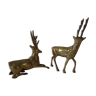 2 cerfs en bronze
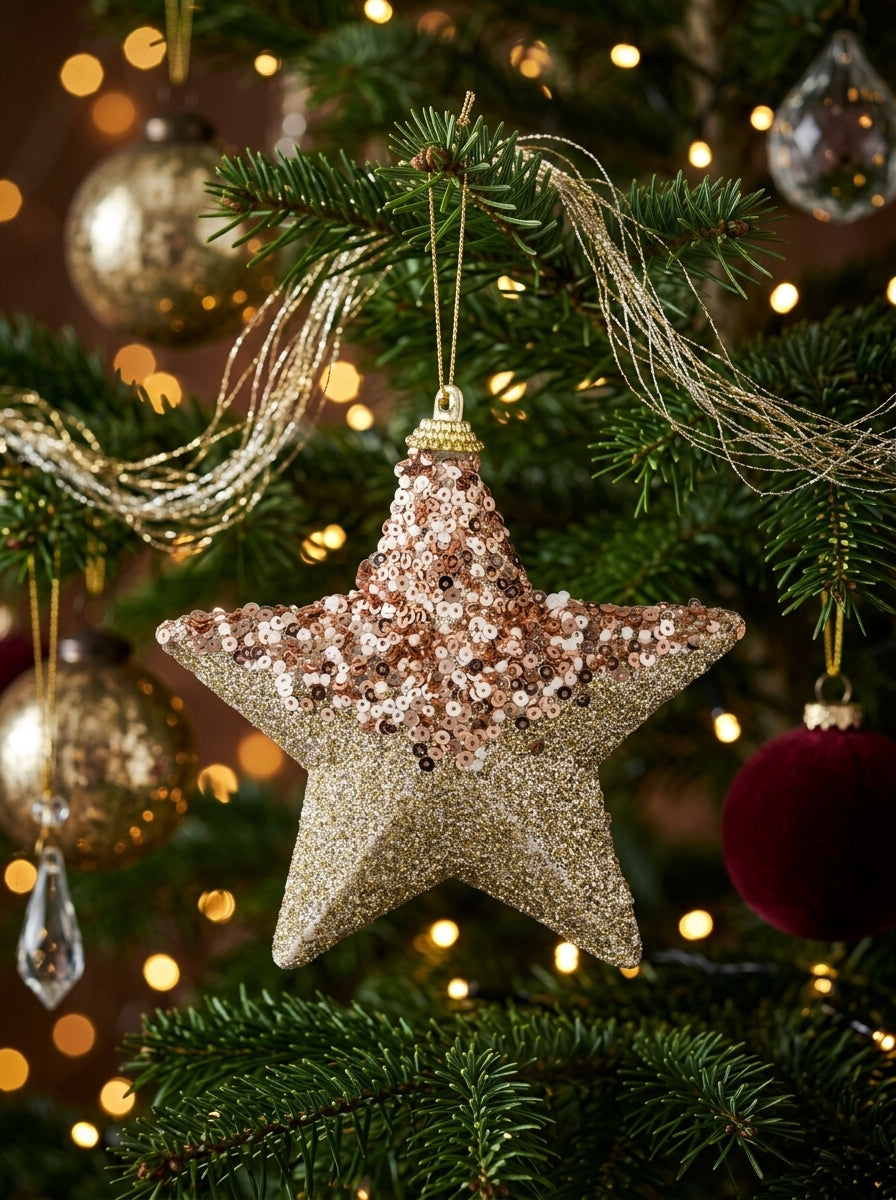 Champagne Glitter Payetli Yıldız Yılbaşı Süsü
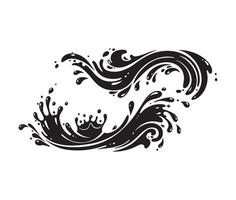 Creative flowing water wave with abstract splash details vector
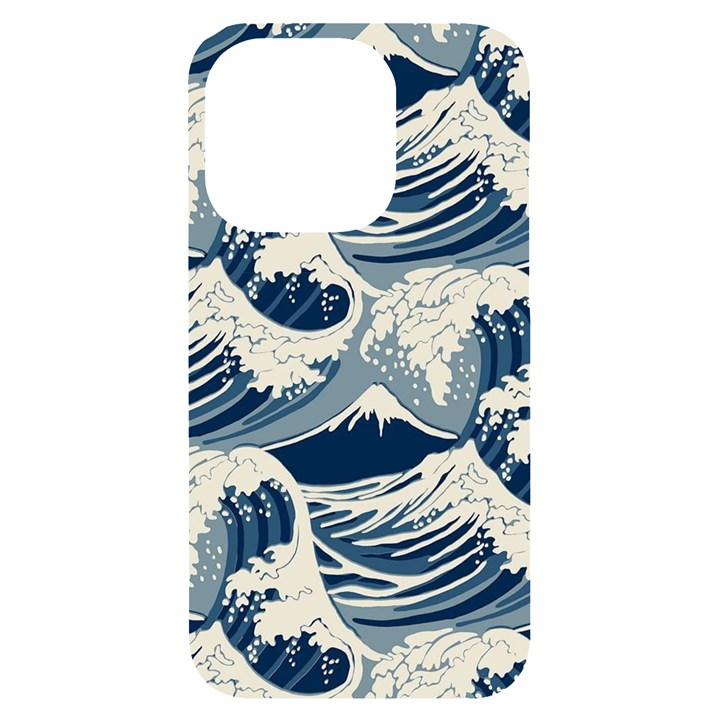 Japanese Wave Pattern iPhone 14 Pro Black UV Print Case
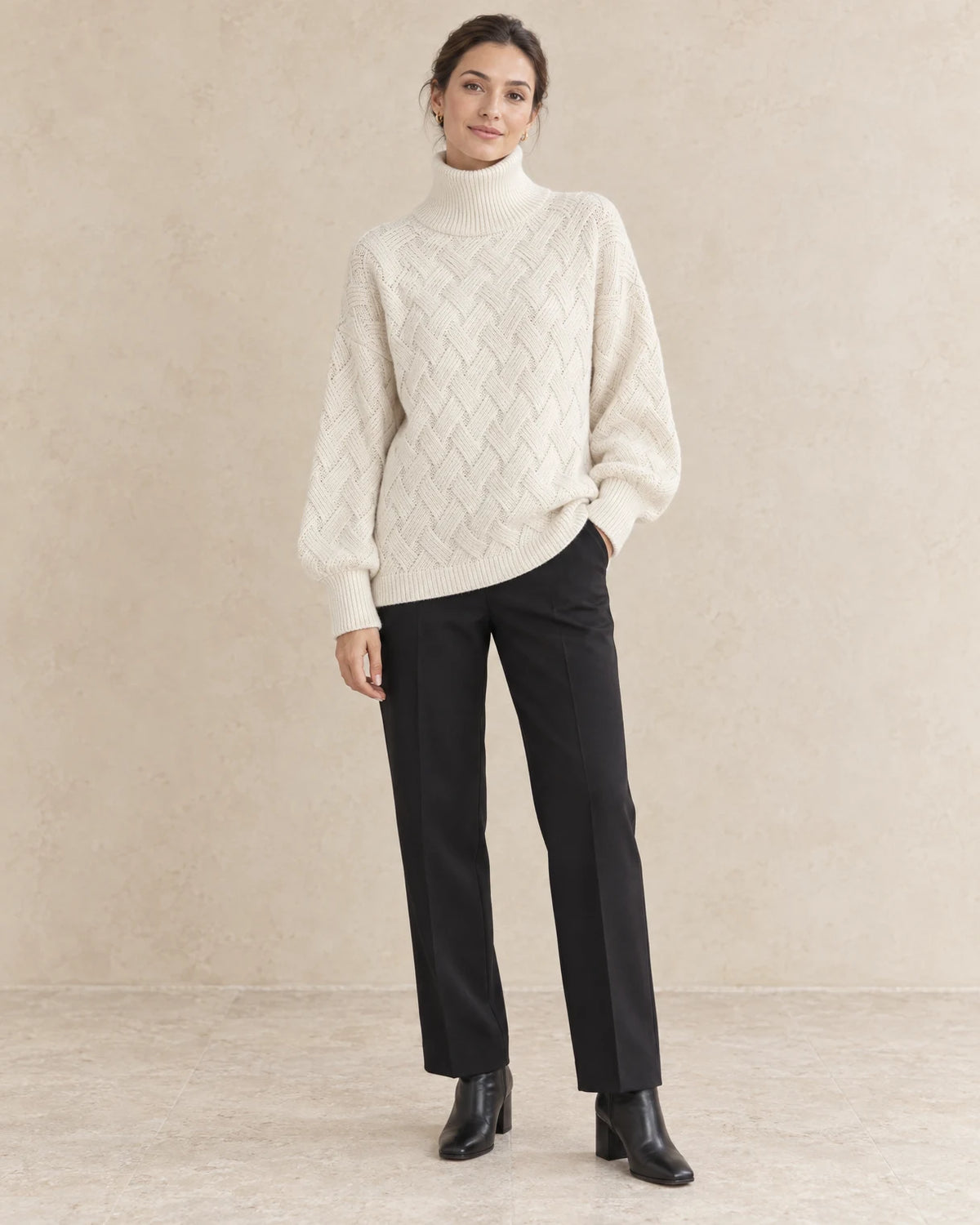 Coltrui dames vlechtpatroon beige - Havlin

» TO DO: Pictures are to be left out when the entries above are repeated exactly.

» RESULT OF THE TASK:
 2 cerfs en bronze
 Champagne Glitter Payetli Yıldız Yılbaşı Süsü
 Creative flowing water wave with abstract splash details vector
 Japanese Wave Pattern iPhone 14 Pro Black UV Print Case
 Coltrui dames vlechtpatroon beige - Havlin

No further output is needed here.